By Steven J. Grisafi, PhD.

As best I can understand the arguments of its proponents, the purpose of Modern Monetary Theory is to explain the curvature of the interest rate yield curve. Whereas central banks can assert the short term interest rate by their rate of payment on overnight reserves maintained on their accounts, this fixation has unknown consequences for the interest rates demanded at longer terms. An important aspect of Modern Monetary Theory is the independence of a central bank from the authority of the treasury of the government they both serve. As a consequence, whenever discussing Modern Monetary Theory one must always distinguish between currency issuing authorities that do and do not maintain central bank independence. We have a peculiar situation when considering the European Union and its central bank because, unlike the situation in the United States of America, it is the European Central Bank that issues the currency and not the treasury. This is because there is no treasury for the European Union.

Proponents of Modern Monetary Theory contend that the sale of government bonds is part of a government’s effort to establish monetary policy. The sale of bonds by the treasury is not part of its fiscal responsibilities because the treasury has the authority to issue currency at will. The treasury does not need to sell treasury bonds to fund the operations of the government due to its ability to create money by granting credit. But this process of granting credit occurs in tandem with the central bank which maintains the government’s ledger, as well as the assets and liabilities of all banking authorities that maintain an account with the central bank. Hence, when one speaks of central bank independence one actually refers only to its ability to decide the overnight interest rate. Everything else is beyond its control and this is where Modern Monetary Theory enters the world of finance.

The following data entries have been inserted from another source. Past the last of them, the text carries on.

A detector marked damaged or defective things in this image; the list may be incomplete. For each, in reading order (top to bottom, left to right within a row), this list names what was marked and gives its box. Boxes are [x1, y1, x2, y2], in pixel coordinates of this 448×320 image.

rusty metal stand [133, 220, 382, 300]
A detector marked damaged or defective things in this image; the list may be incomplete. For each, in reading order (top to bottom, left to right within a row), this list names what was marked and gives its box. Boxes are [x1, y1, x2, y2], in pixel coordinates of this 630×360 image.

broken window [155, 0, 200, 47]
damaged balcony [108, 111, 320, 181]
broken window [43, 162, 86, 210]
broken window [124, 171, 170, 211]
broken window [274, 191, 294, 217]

The Treasury of the United States of America may choose to sell its bonds or notes. Modern Monetary Theory says that the sole purpose of doing so is to influence the interest rate at the time frame for those securities. The Treasury need not sell these securities merely to fund the operations of the federal government of the United States. But because the Federal Reserve Bank of the United States has sole discretion of its choice for the overnight interest rate its pays on reserves held in its accounts, any sale of Treasury Notes or Treasury Bonds can only affect longer term interest rates thereby influencing the curvature of the yield curve. Now one must question: Does the United States Treasury have sole authority for the granting of credit that occurs during deficit spending? No, it does not. This is where Quantitative Easing enters the world of finance.

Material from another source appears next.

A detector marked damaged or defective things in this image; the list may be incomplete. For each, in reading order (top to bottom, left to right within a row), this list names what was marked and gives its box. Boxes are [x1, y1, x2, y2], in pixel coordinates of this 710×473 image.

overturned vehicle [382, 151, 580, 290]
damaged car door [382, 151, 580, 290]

The independence of the Federal Reserve Bank of the United States from the United States Treasury is greater than the mere ability to set overnight interest rates. It is the central bank that has the ability to credit or debit banks maintaining reserve accounts with the central bank. It may do so at the discretion of the treasury, but it may also do so independently as in the process of Quantitative Easing. As such one can recognize that Quantitative Easing is a form of deficit spending. Its only distinction is that because it is a central bank that grants the credit the process is described as monetary policy. But herein one ought recognize the redundancy. Do we really need a central bank solely for its independent ability to set overnight interest rates? One might argue that while the treasury can influence longer term interest rates the independent ability of the central bank precludes profligacy of politicians. But does it really, when we do not know of any mechanism by which the sale government bonds serves to manipulate longer term interest rates?

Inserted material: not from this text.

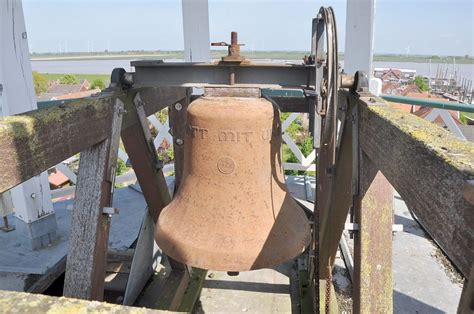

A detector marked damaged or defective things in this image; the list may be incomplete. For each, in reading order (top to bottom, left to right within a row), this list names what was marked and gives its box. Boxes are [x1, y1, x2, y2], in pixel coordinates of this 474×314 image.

rusted metal fitting [213, 31, 246, 62]
rusty bell surface [156, 97, 312, 272] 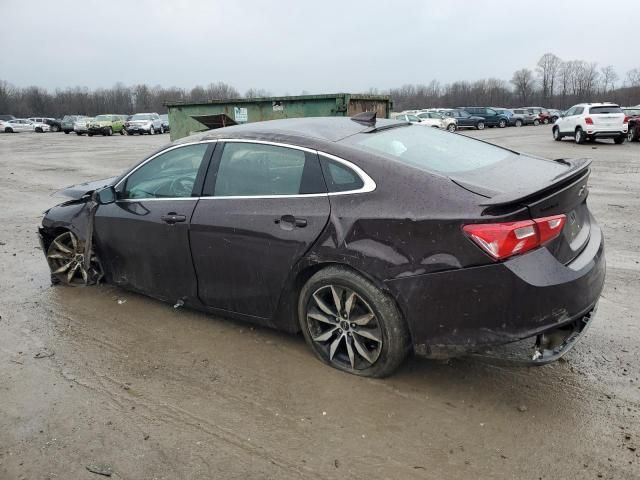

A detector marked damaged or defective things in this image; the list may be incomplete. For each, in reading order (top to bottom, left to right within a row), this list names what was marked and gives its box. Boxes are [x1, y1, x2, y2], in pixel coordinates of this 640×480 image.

damaged dark sedan [40, 114, 604, 376]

Central bank independence is an illusion. Similar economists who are appointed to positions in the central bank are also appointed to positions in the treasury. For a fiat currency issuing entity, central bank independence is non sequitur. The functions of a central bank ought to be those of the treasury. When the Federal Reserve Bank of the United States was created the United States Dollar was based upon a gold standard. This is no more, and so ought to be the central bank, if indeed we were truly confident of Modern Monetary Theory. Now, this begs the question: How does the sale of government bonds affect the curvature of the yield curve? The difficulty resides in our ignorance of how price changes in the sale of bonds affect their interest rate. We know of the familiar rule of thumb that bond prices vary inversely proportional to their interest rates. But what does this average effect obscure? When the United States Treasury chooses to sell bonds what are the indications upon which the major players place their bids for these bonds? It cannot be solely the prevailing interest rates when the sale itself is meant solely to influence interest rates. That is, of course, if we are to believe this particular assertion of Modern Monetary Theory. One might expect that any sale of new government bonds would raise interest rates at the maturity term for the sale because the supply of bonds is increased by the sale and investors would demand an interest rate premium. But obviously this is not always the case. So other factors exist beyond control of both the treasury and its central bank. Then why have both a treasury and a central bank? Profligate politicians cannot dictate terms to the bond market. So separating the functions of a central bank from its treasury serves no purpose. It is just another farce perpetrated upon the people.

Now one might return to the peculiar situation within the European Union. Let no one confuse the distinction of having the functions of a central bank usurped by the treasury and the functions of a treasury usurped by a central bank. The distinction is disasterous as we have seen for the member nations of the Eurozone. The distinction occurs as a result of a lack of political unity. That the member nations of the Eurozone do not comprise a single political entity is the cause of their suffering. The European Central Bank has usurped the functions that a Treasury of the European Union (Eurozone in this case) ought to possess. However unless, and until, the member nations of the European Union choose to become a single nation no such Treasury of the European Union can exist.